Six years ago, we helped our daughter and her fiance plan and pull off an outdoor wedding in “The Meadow.” The Meadow was actually an old hay-field surrounded by trees, that required the entire time of their engagement to prepare. Fortunately, it was only a 4 month engagement; 4 months of labor which included broken down lawnmowers, endless raking by hand, and battles with bears. (I’ll leave you hanging on that one…. stay tuned for the story in a post somewhere down the road.)
The week before the wedding was nothing but discouraging. Rain, rain, and more rain. I think snow was even in the forecast. Everyone felt we should give up, cut our losses, and hold the wedding in the church down the road. There was just no way an outdoor wedding could happen.
After the port-a-potty truck made his delivery, the short drive across a ditch into The Meadow, was getting impassable and there was friction in the family. (I’ll use the general terms family and friction, to protect the party or parties involved… once again, only framing in the part of the picture I want you to see…) “Whose fault was it that this hadn’t been dealt with a long time ago, on a sunny day. And how on earth would the truck make it in to deliver the tent, let alone 250 guests with their cars?” The torrential rain was definitely washing away the gully that week and threatening my sanity also.
I know it’s just a wedding, but really, what were we to do with the messy corner we had backed ourselves into?
We were feeling desperate, so in cold, torrential rain, I found myself helping my determined, now son-in-law lay big slabs of concrete to stabilize the drive. With rivulets of rain, streaming down his handsome face, he declared he had no intention of giving up now. The wedding would go on as planned, even if people had to huddle under umbrellas, and hike a half a mile to attend. I had envisioned flower arranging, not road construction on the day before the ceremony, but heartened by his determination, we heaved and shoved the heavy chunks; slipping and sloshing through the slippery mud, and when we had finished, along with sore backs, we had quite a substantial drive for people to cross the following day.
In my previous post, I also mentioned that we “even have fond memories of where, [or when] we read certain books.” Yes, some of the memories include fair days of reading out in the forest, under a canopy of pine, other memories are of reading in the dead of winter, during a power outage. Here in Wisconsin, if you have no alternative heat source when the power goes out, you bundle up, light the candles, and snuggle with your children and a good book. (In order to keep the pipes from freezing, we have even left a small flame burning on our gas stove.) Determined to keep laying those stones, even on stormy days, I have tried to create an aura of excitement about going through a trial, such as no heat and electricity.
What better way to bring to life Laura Ingalls Wilder’s book, The Long Winter, than to only have candles for light, a small flame for heat, and a resourcefully made meal or two while we waited for the power to be restored. (Beenie Weenies over a candle flame, anyone?) The wind howling outside brought home the reality of what the dear pioneer family went through the winter of 188o-’81 when the snow drifted 12 feet high on the train tracks, cutting off their main food supply.
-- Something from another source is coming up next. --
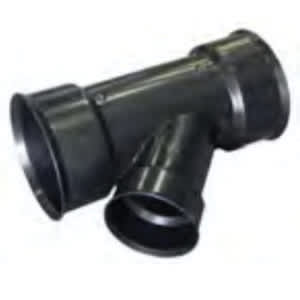 ADS Soiltight Wye, Bell-End HDPE 45 Degrees Degrees Dual Wall Injection Molded N-12, Black 6" x 6" x 4" | DFD680ST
They not only survived, they lived out incredible stories we now have the privilege of reading, either on a sunny warm day, or on a frightfully cold, gray day.
By the way, my children have commented on how they loved that particular experience of reading through the storm, bundled together under a pile of quilts on the couch. What did Pa’s hands feel like if they were so chapped and sore he couldn’t play his violin to cheer his family? How did Ma stay so calm when their food supply was running out? And just how scared was Almanzo when he struck out into the unknown; a drifted, frozen prairie, to find wheat for the little town of DeSmet? Those were some of the questions that came to our minds as the wind whipped up drifts of snow around our little house on the hill.
Don’t be misled. Not all days are sunny here, but I have found that stones can still be laid in the middle of the storms. Though I much prefer flower arranging, the job of road construction can be just as satisfying.